Se è legittimo, essere indecisi di fronte al menu di un ristorante, insicuri su cosa si vuole per pranzo, lo è molto meno esserlo di fronte alla possibilità di un rapporto sessuale. O lo vuoi o no. Assunto smontato dalla recente serie Netflix Anatomy of a Scandal, dove un ministro inglese viene accusato di stupro da parte di una sua collaboratrice con la quale aveva una relazione extra-coniugale. «Non sempre cominciamo dal desiderio, non sempre è lì a nostra disposizione per essere esplorato. Non sempre sappiamo cosa vogliamo. Il nostro desiderio emerge nell’interazione. Questo punto – che non sappiamo cosa vogliamo, né sempre sappiamo esprimere cosa vogliamo – deve essere compreso nell’etica del sesso e non messo da parte».

Autoconsapevolezza

Lo avevano capito Simon&Garfunkel – maschi, bianchi, classe 1941 – che le zone oscure dell’animo vanno accettate, se non esplorate, quando in The sound of silence, intonavano “Hello darkness my old friend”, eppure questo proposito ragionevole e lucido, sembra ancora sfuggire alla società contemporanea, quando ragiona sulla donna e la sessualità. «L’autoconsapevolezza non è una caratteristica affidabile della sessualità femminile, come della sessualità in generale.
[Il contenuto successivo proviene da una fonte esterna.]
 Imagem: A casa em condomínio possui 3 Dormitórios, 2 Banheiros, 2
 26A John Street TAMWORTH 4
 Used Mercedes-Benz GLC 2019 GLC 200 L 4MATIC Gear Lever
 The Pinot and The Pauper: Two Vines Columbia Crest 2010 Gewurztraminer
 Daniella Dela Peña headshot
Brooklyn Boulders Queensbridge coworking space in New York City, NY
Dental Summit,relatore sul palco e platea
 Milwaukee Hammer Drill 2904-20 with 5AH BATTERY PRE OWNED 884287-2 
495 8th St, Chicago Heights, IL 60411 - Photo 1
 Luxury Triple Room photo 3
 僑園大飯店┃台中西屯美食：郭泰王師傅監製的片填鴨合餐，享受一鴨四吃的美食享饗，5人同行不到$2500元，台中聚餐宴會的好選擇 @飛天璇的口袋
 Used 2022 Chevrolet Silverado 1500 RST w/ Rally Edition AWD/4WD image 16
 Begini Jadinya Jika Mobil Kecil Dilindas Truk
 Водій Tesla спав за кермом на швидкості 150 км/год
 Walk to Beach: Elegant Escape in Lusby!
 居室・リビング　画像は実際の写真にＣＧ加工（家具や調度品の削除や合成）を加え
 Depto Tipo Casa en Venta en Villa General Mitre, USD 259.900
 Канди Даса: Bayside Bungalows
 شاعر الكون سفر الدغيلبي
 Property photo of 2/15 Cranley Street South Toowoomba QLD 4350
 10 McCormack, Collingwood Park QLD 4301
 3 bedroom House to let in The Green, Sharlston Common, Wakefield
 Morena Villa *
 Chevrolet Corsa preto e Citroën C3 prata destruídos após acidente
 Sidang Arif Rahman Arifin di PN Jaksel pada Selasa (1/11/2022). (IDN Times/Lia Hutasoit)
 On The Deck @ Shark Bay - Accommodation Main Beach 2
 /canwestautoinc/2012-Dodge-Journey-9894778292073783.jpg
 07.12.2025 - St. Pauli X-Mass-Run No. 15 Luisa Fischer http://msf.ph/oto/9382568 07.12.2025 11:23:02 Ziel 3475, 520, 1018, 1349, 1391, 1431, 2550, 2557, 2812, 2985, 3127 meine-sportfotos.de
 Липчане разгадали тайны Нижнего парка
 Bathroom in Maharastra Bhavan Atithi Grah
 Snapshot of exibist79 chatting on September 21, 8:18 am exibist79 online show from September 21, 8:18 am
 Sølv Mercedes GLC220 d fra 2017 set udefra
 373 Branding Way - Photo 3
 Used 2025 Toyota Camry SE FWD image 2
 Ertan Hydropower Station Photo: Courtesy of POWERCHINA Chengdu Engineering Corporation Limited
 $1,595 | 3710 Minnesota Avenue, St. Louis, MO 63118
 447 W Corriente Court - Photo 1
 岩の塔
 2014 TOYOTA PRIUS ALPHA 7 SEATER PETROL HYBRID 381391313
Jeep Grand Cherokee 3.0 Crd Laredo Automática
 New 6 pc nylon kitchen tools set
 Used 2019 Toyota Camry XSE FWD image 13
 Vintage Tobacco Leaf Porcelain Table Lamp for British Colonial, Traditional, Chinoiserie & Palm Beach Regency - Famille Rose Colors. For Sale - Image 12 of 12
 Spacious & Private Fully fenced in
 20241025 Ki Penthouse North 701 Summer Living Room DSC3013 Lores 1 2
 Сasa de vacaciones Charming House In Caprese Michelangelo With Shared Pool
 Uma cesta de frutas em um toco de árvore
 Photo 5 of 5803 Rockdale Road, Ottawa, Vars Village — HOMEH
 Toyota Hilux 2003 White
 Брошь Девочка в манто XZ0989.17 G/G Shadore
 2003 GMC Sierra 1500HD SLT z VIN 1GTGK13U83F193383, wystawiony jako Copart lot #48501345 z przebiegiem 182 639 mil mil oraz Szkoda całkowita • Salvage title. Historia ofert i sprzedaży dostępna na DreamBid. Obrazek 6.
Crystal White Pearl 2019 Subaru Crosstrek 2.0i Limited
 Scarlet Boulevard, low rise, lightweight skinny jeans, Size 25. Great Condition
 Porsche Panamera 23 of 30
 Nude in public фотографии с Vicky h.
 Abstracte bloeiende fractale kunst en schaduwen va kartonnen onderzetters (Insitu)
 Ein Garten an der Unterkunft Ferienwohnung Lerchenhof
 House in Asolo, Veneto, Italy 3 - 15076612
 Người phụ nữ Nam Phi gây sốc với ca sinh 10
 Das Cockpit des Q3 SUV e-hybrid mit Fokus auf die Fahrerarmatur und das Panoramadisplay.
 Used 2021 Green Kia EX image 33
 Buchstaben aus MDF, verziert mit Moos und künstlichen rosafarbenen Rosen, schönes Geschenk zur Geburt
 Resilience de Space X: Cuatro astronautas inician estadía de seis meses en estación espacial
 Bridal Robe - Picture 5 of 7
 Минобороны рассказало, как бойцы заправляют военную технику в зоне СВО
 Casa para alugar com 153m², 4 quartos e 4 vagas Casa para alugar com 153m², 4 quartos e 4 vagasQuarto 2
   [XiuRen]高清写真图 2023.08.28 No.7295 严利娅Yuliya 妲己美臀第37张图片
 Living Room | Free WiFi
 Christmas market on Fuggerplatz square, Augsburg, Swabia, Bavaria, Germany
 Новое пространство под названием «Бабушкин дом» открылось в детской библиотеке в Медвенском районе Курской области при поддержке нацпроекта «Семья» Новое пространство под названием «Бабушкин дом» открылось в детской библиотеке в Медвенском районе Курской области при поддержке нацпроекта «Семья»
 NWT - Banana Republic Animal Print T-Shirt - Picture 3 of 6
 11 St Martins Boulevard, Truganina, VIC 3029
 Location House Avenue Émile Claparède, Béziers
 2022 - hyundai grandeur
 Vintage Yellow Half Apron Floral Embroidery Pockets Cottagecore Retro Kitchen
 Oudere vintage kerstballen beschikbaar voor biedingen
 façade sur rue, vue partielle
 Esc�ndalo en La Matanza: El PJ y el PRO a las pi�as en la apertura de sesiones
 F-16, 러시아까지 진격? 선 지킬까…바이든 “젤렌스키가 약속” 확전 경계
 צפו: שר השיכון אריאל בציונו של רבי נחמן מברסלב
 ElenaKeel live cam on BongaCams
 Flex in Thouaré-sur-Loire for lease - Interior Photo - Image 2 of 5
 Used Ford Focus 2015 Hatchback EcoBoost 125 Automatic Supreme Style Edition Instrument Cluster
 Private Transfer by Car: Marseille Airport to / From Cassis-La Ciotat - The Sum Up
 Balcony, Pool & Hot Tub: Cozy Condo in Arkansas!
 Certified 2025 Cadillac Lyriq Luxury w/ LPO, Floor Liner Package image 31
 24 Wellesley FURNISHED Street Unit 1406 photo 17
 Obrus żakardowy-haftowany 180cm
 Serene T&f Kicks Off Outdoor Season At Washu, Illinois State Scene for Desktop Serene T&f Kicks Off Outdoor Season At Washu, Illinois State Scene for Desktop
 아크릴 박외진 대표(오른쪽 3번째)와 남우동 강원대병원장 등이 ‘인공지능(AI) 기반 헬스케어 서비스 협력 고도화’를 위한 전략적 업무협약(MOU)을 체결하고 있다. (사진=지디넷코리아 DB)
Se vogliamo che in un futuro il sesso torni a essere bello, dobbiamo rifiutare quest’insistenza. Abbiamo bisogno di articolare un’etica del sesso che non cerchi disperatamente di tenere a bada l’incertezza del desiderio, che accetti le zone oscure, l’opacità del non sapere».

Vulnerabilità

A far danni più della grandine, si aggiunge la mitologia della supereroina, una donna invulnerabile, che prende al lazo la vita e il destino à la Wonder Woman, che infatti è stata inventata da uno psicologo, William Marston, nel tentativo di fornire un modello (ancora una volta!) a tutte le altre. Ma attenzione, nonostante tutto: «Abbiamo bisogno di essere vulnerabili – di correre dei rischi, di essere aperti all’ignoto – se vogliamo sperimentare la gioia e la trasformazione. Il piacere implica il rischio, non è qualcosa che potrà mai essere impedito o evitato. Non è corazzandoci contro la vulnerabilità che raggiungeremo l’appagamento sessuale ma riconoscendola e aprendoci a essa, al nostro essere universalmente vulnerabili».